### AIM OF THE TASK:
All of the data should be given again word for word, though the images are to be left out.

*** Opening GIVEN DATA ***

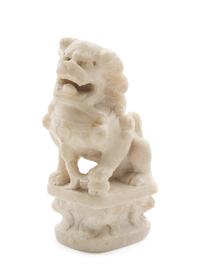 A Carved Marble Figure of a Fu Lion Height 5 1/4 x width 3 inches.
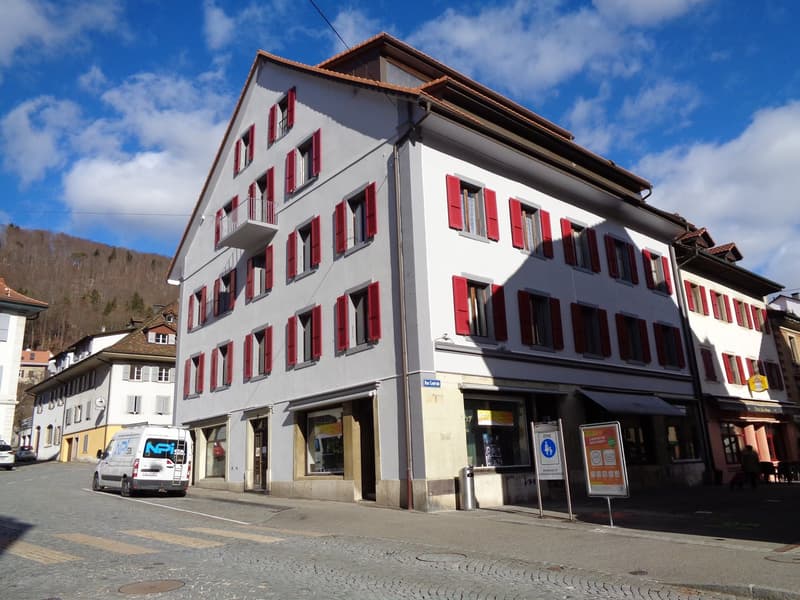 White building with multiple windows, red shutters, balconies, a few shops on the ground floor, cobblestone street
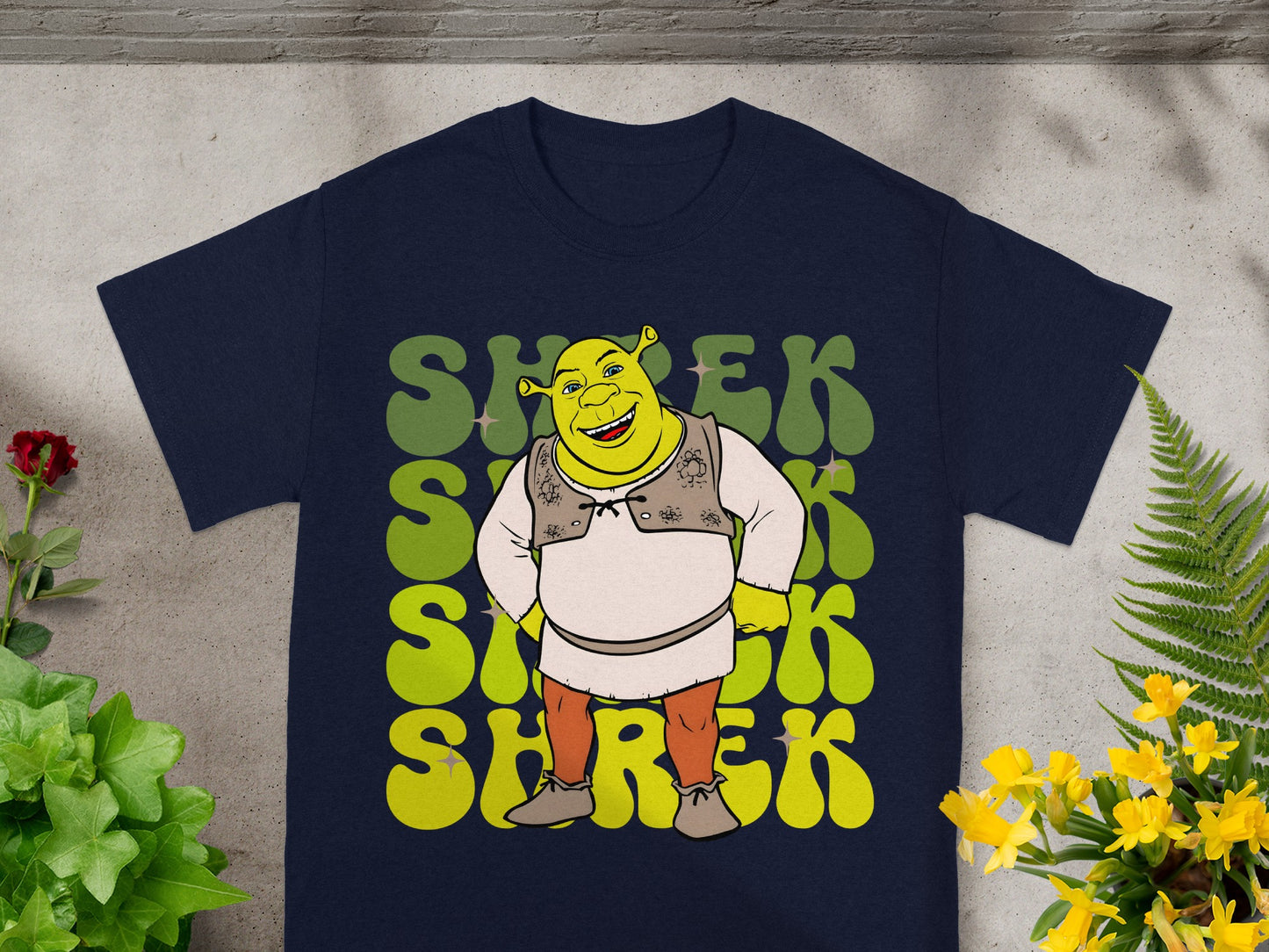 Navy t-shirt with Shrek graphic and green retro text.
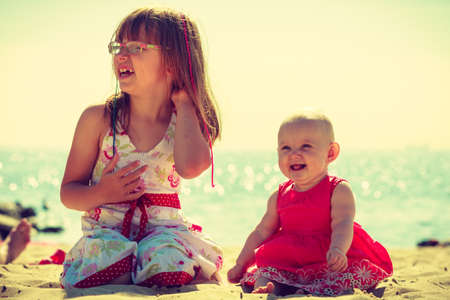 Girl playing and spending time with sister on beach near to sea.の写真素材
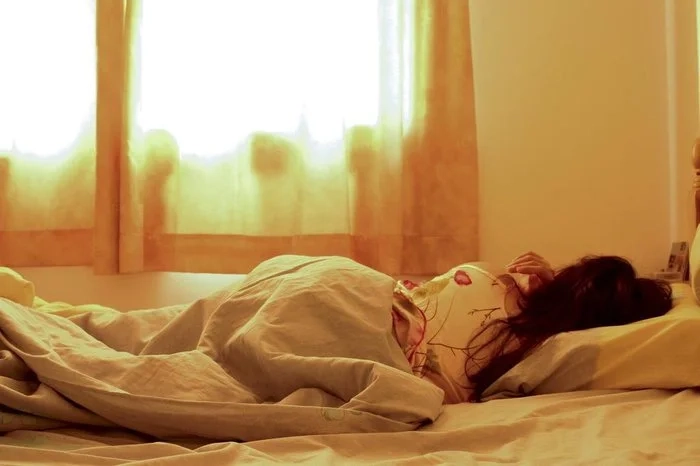 Mulher dormindo durante o dia em quarto iluminado por luz natural, simbolizando soneca da tarde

*** Closing GIVEN DATA ***

### RESPONSE BOX:
 A Carved Marble Figure of a Fu Lion Height 5 1/4 x width 3 inches.
 White building with multiple windows, red shutters, balconies, a few shops on the ground floor, cobblestone street
 Navy t-shirt with Shrek graphic and green retro text.
 Girl playing and spending time with sister on beach near to sea.の写真素材
 Mulher dormindo durante o dia em quarto iluminado por luz natural, simbolizando soneca da tarde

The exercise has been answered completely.